通信制大学にはいろいろな人が入ってくる。

若い時に大学に進めなかった人、卒業した大学に満たされないものを持っている人、経済的な理由で通学制に行けなかった人、現役のお医者さん、東大を卒業した人などなど。色々な人がいろいろな目的をもって入ってくる。

 

通信制の大学を卒業して、東大の教授をなっている人もいる。卒業後もいろいろあるようだ。

 

通信制の大学は通学制のような入試はない。しかし、選考はあるのだ。だから誰でも簡単に入れるわけではないようだ。私の時代でも4000人程度の応募があって、3000人程度がふるい落とされているという話を聞いた。私の周りでもは入れなかった人は何人かいる。

 

こんな話も聞いた。学校の先生が5人、学び直そうと決めて一緒に応募したが許可されたのはそのうち一人だけだったそうだ。選考基準に達していなかったことになる。

 

それがどのようなものかは分からないが、提出する小論文などはそれほど難しいものではない。でもそれらの課題からある程度入学を許可するに値するかどうかの判断ができるのだろう。

 

それだけ絞っても、無事入学して卒業に至る人は数パーセントのみである。難しい入試を突破すれば殆どが卒業できる通学制とは大きく異なる点である。
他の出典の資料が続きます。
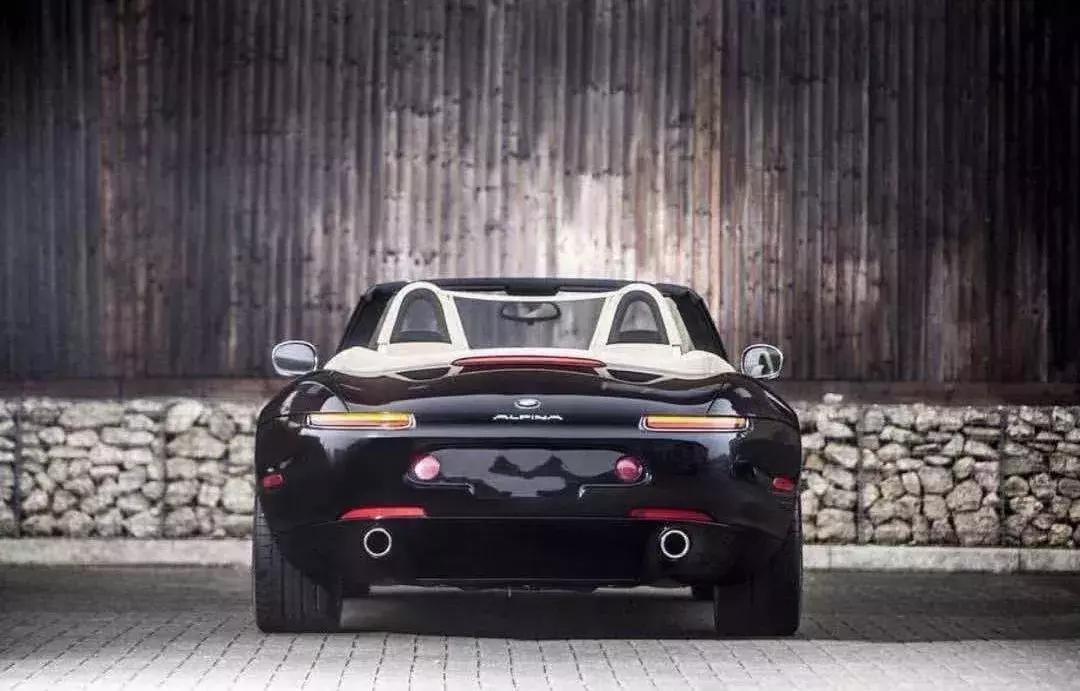 宝马z8007,007里的z8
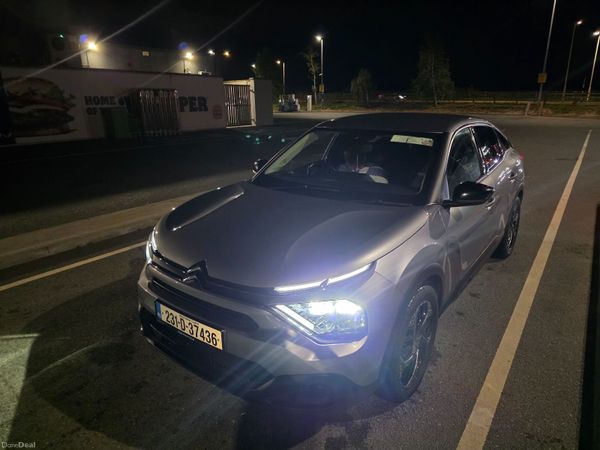 Citroen C4 Hatchback, Petrol, 2023, Grey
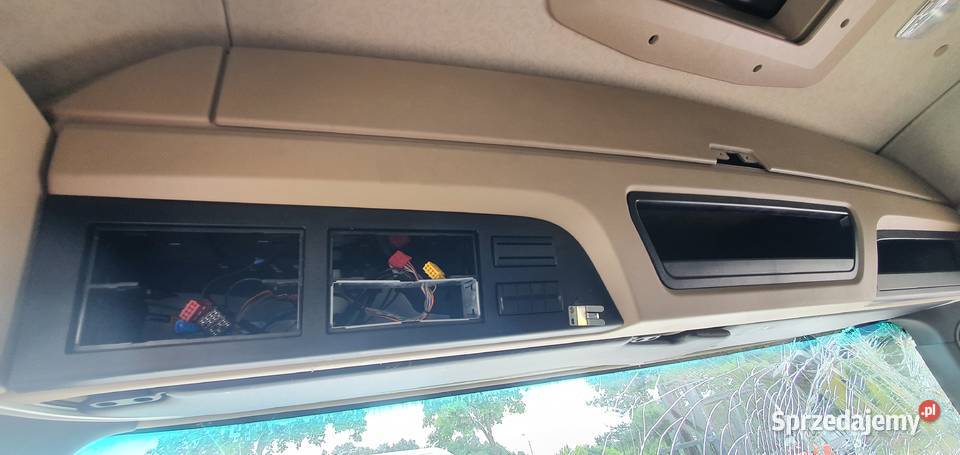 MERCEDES ACTROS MP4 KABINA KOMPLETNA Bieleń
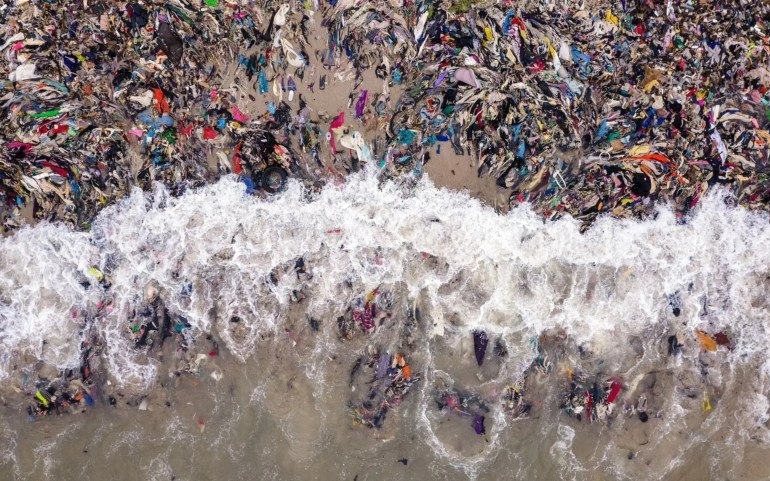Kinh hoàng hình ảnh bãi biển ở châu Phi như núi rác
入るは易し、出ずるは難しなのである。

 

どこからか、やはり入試がないので能力に問題ある人が多いのでは、という声が聞こえてきそうである。断じていえる。それはない。私も多くの一流大卒の人を見てきたが、彼らと比較しても入学を許可された人に能力的な問題のある人は殆どいない。

 

何が難しいのか。仕事と両立させながら、また、家庭を維持しながら、独学で学び続けるのが難しいのである。このことは教授陣もよくご存じのようで、時々、「私も通信制を卒業する自信はない」と冗談交じりでおっしゃられる。

 

もう一つの難関はスクーリングである。いわゆる対面授業。実際、教室に赴いて授業を受け一定単位(卒業単位の1/4程度)を取得せねばならない。主に学校の夏休みを利用して、教室を開放して行われる。ここで通学生が受けるような講義を受け、最後に行われる試験に合格する必要がある。試験もさることながらこの授業に参加すること自体が仕事との関係で難しい人がいる。

 

最後の難関は卒論試験である。一年半程度の指導を受け(もちろん内容そのものではなく、テーマ選びや研究姿勢、やり方など)、卒業論文を仕上げた後、後日その内容についてプレゼンし、質疑応答が行われる。この試験は不合格になっても一回のみ再試験のチャンス与えられる。が、二度失敗すれば卒業は諦めねばならなくなる。

 

私の時代のことを記しているので今は変わっているかもしれない。

通信制の大学を勧めておいて、同時に、卒業の難しさを伝えている。しかし、決して矛盾ではない。経済的理由で通学制大学に進めないなら、入るのが楽そうな通信制でなどと思ってもらってはいけないからだ。そして、諦めず頑張れば一流大学の教育を受けられ、卒業証書も得ることが出来るということを知ってほしいのだ。

 

今の時代、SNSが発達して以前のように孤独に学ぶという辛さはかなり軽減されていると思われる。直接会って語り合えるのはスクーリングの時しかないかも知れないが、もっと頻繁にネット上で交流し、刺激しあい、仲間意識の醸成を図ることが可能である。

 

「諦めない人にのみ道は開かれる」のである。